Descriptions of Command Line Options

We describe these parameters below.

Option name Comments
-blackText

Boolean “true” or “false”

By default, PDF Alchemist exports text from a PDF document in its native color. That is usually black, but if a PDF has a different color text against a colored background, such as white text on a dark blue page, the original text might not be visible in the HTML export file. This option allows a user to make it so that any text drawn from a PDF document is always rendered as black text in the export file.

Defaults to False. PDF Alchemist  exports text from PDF documents in its native color, and does not convert it to black.

-borderlessTableDetectionOnPages

Comma-separated list of whole numbers, with dashes

Borderless table detection is a feature in PDF Alchemist where the product looks for tables without borders and then renders that content as tables in the export HTML or XML file.  You may want to turn this function off for part of a PDF source document. That way, the product only renders tables with borders when exporting content in the section of the document that you specify. This might be useful if part of a source PDF document has content that that might look like a table but in fact is not, such as a table of contents.

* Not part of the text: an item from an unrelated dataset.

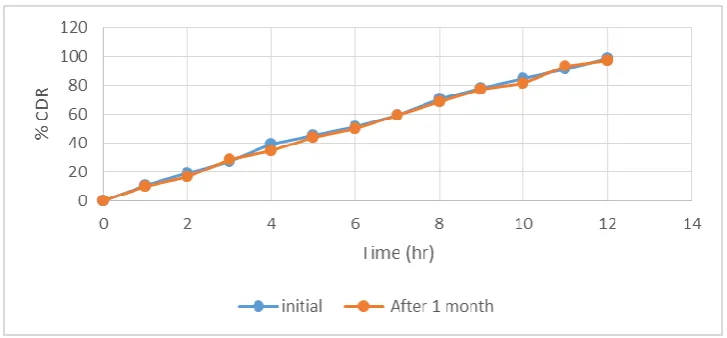 Figure 7: Response surface plot of % CDR.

You can enter a page range to apply borderless table detection only to a certain number of pages. Enter this value if you want to start at page five and continue until the end of the document:

5-

Or this statement to direct PDF Alchemist to skip the first four  pages of the PDF document, then look for borderless tables between pages five and ten, and then stop after that.

5-10

You may also include multiple page ranges in the statement. In this example, you are telling PDF Alchemist to look for borderless tables on pages 1, 3, 4, 5, 7, 9, and 14-18 in a PDF document:

-borderlessTableDetectionOnPages 1,3-5,7,9,14-18

If you are working with a source document that you know does not have any tables, you can disable the Borderless Table Detection feature by setting this option to “none.”

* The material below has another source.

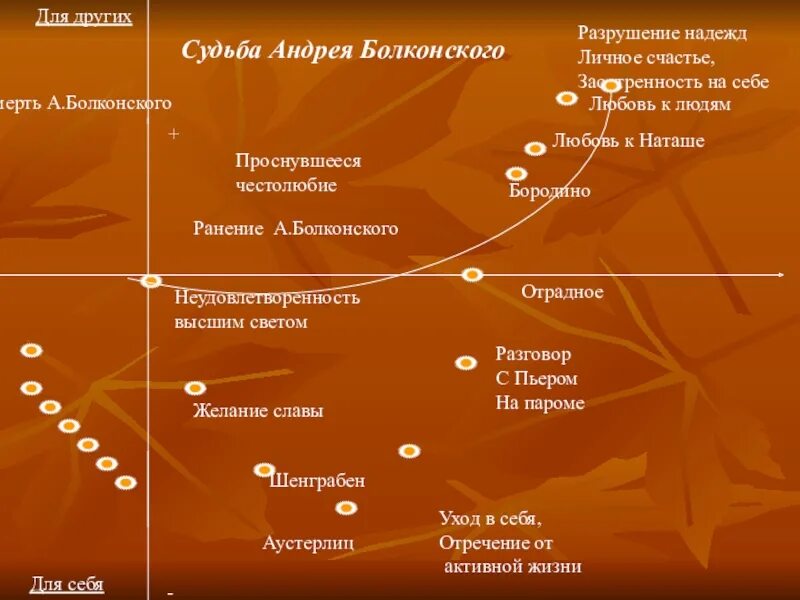 Поиски смысла жизни андрея болконского кратко. Схема жизненного пути Андрея Болконского. Схема взлёты и падения в жизни Андрея Болконского. Схема жизни Андрея Болконского. Сюжетная линия Андрея Болконского.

Default: 1- – PDF Alchemist looks for tables without borders across the entire document.

-cmap

Path or directory name

A folder containing PDF format character code map (CMap) files used for converting text in character ID (CID) form to Unicode in the HTML output. The folder name must have a trailing slash character. To learn more about cMAP see the description in the Datalogics Knowledge Base. A CMAPS folder is included with the software installation package for PDF Alchemist.

Default:  “./cmaps/”

-enableBookmarks

Boolean “true” or “false”

The destinations found in the PDF outline in the source document (the table of contents) are exported to the output HTML file as a series of bookmarks. This HTML file contains a frame view of the generated PDF with the generated table of contents in one pane and the generated HTML content in a main viewing pane. This feature allows you to create a table of contents in your HTML output file based on the outline provided in the PDF source file. You can turn this feature off by setting the enableBookmarks value to False.

Defaults to True. The PDF file table of contents is generated.

-enableCaptions

Boolean “true” or “false”

By default, PDF Alchemist does not look for caption text under images that appear in a PDF document.  Set this option to “true” to tell the software to look for text appearing under images and define that text, when found, as a caption.

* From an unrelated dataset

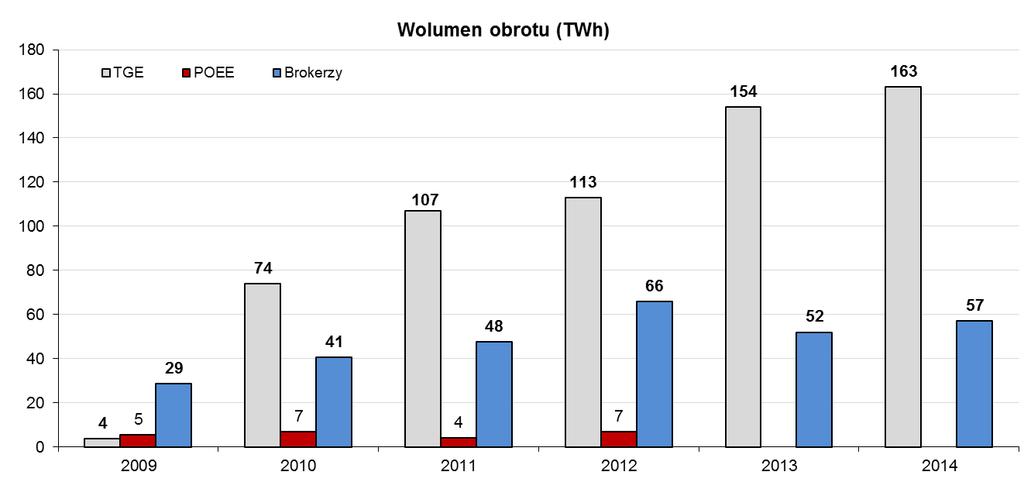 Rynek energii elektrycznej a sygnały inwestycyjne Wolumen obrotu na polskim rynku energii elektrycznej TGE, POEE, Brokerzy Źródło: RYNEK ENERGII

Defaults to False. PDF Alchemist  never looks for captions under graphics.

-enableInfographicDetection

Boolean “true” or “false”

By default, PDF Alchemist seeks to detect infographic content, such as charts and diagrams, and render them as separate export image files. But this process can interfere with how PDF Alchemist formats tables and hyperlinks. This option allows a user to turn this feature off.

Defaults to True. PDF Alchemist  detects infographic contents.

-flattenForms

Boolean “true” or “false”

By default, PDF Alchemist converts Acrobat Form documents (AcroForms) to interactive HTML forms in fixed-layout format. If this option is specified as true, PDF Alchemist will instead convert Acrobat PDF Forms in the PDF into flattened, non-interactive versions of the form that represent the appearance of the forms, using the normal appearance stream defined for each form element.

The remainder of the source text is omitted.